We noted no marked cost-effectiveness, although it is generally considered that TAVR may be superior to surgical aortic valve replacement (SAVR) in cost-effectiveness in inoperable or high-risk patients (22). While super-elderly patients are often inoperable or high-risk, the cost-effectiveness in super-elderly patients might be reduced because of their relatively short life expectancy.

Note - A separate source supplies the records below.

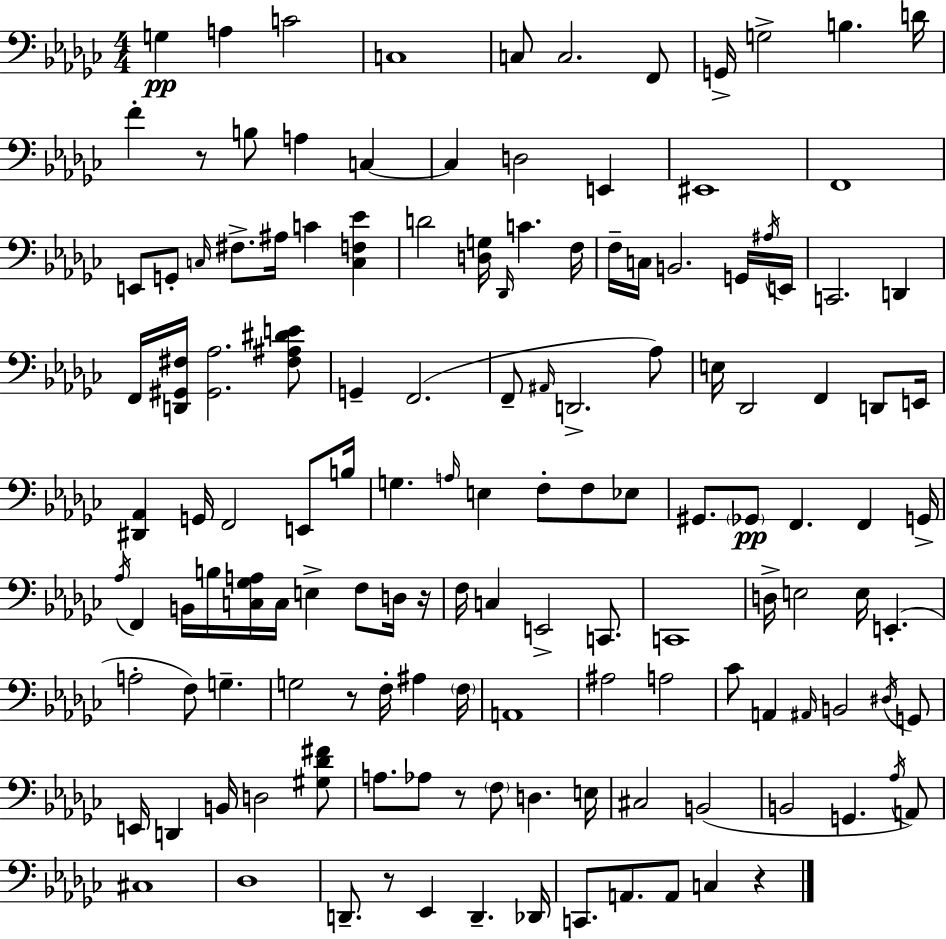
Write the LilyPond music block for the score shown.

{
  \clef bass
  \numericTimeSignature
  \time 4/4
  \key ees \minor
  g4\pp a4 c'2 | c1 | c8 c2. f,8 | g,16-> g2-> b4. d'16 | \break f'4-. r8 b8 a4 c4~~ | c4 d2 e,4 | eis,1 | f,1 | \break e,8 g,8-. \grace { c16 } fis8.-> ais16 c'4 <c f ees'>4 | d'2 <d g>16 \grace { des,16 } c'4. | f16 f16-- c16 b,2. | g,16 \acciaccatura { ais16 } e,16 c,2. d,4 | \break f,16 <d, gis, fis>16 <gis, aes>2. | <fis ais dis' e'>8 g,4-- f,2.( | f,8-- \grace { ais,16 } d,2.-> | aes8) e16 des,2 f,4 | \break d,8 e,16 <dis, aes,>4 g,16 f,2 | e,8 b16 g4. \grace { a16 } e4 f8-. | f8 ees8 gis,8. \parenthesize ges,8\pp f,4. | f,4 g,16-> \acciaccatura { aes16 } f,4 b,16 b16 <c ges a>16 c16 e4-> | \break f8 d16 r16 f16 c4 e,2-> | c,8. c,1 | d16-> e2 e16 | e,4.-.( a2-. f8) | \break g4.-- g2 r8 | f16-. ais4 \parenthesize f16 a,1 | ais2 a2 | ces'8 a,4 \grace { ais,16 } b,2 | \break \acciaccatura { dis16 } g,8 e,16 d,4 b,16 d2 | <gis des' fis'>8 a8. aes8 r8 \parenthesize f8 | d4. e16 cis2 | b,2( b,2 | \break g,4. \acciaccatura { aes16 }) a,8 cis1 | des1 | d,8.-- r8 ees,4 | d,4.-- des,16 c,8. a,8. a,8 | \break c4 r4 \bar "|."
}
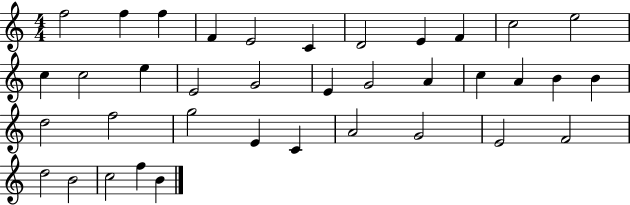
F5/h F5/q F5/q F4/q E4/h C4/q D4/h E4/q F4/q C5/h E5/h C5/q C5/h E5/q E4/h G4/h E4/q G4/h A4/q C5/q A4/q B4/q B4/q D5/h F5/h G5/h E4/q C4/q A4/h G4/h E4/h F4/h D5/h B4/h C5/h F5/q B4/q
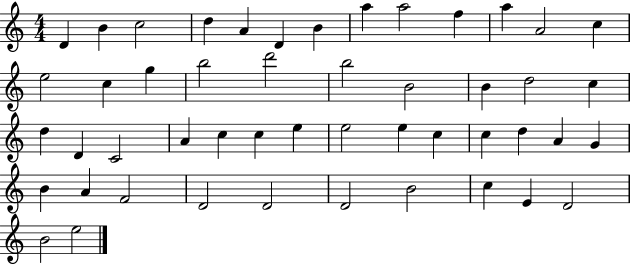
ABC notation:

X:1
T:Untitled
M:4/4
L:1/4
K:C
D B c2 d A D B a a2 f a A2 c e2 c g b2 d'2 b2 B2 B d2 c d D C2 A c c e e2 e c c d A G B A F2 D2 D2 D2 B2 c E D2 B2 e2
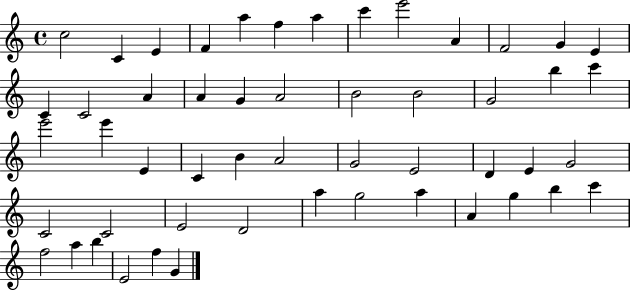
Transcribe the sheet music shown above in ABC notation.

X:1
T:Untitled
M:4/4
L:1/4
K:C
c2 C E F a f a c' e'2 A F2 G E C C2 A A G A2 B2 B2 G2 b c' e'2 e' E C B A2 G2 E2 D E G2 C2 C2 E2 D2 a g2 a A g b c' f2 a b E2 f G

Several limitations associated with the present study warrant mention. This study was a retrospective analysis with a significant number of excluded or censored cases. Consequently, there is the inherent possibility of selection bias. In addition, we did not directly compare the short- and long-term mortality between TAVR and maximal medical management. Thus, it is difficult to say that TAVR is beneficial for super-elderly patients with absolute certainty, although these data should aid in decision-making for clinical practice.
Conclusion
In summary, the outcomes of super-elderly patients after TAVR were acceptable, and this patient population may reasonably be expected to benefit from TAVR.
The authors state that they have no Conflict of Interest (COI).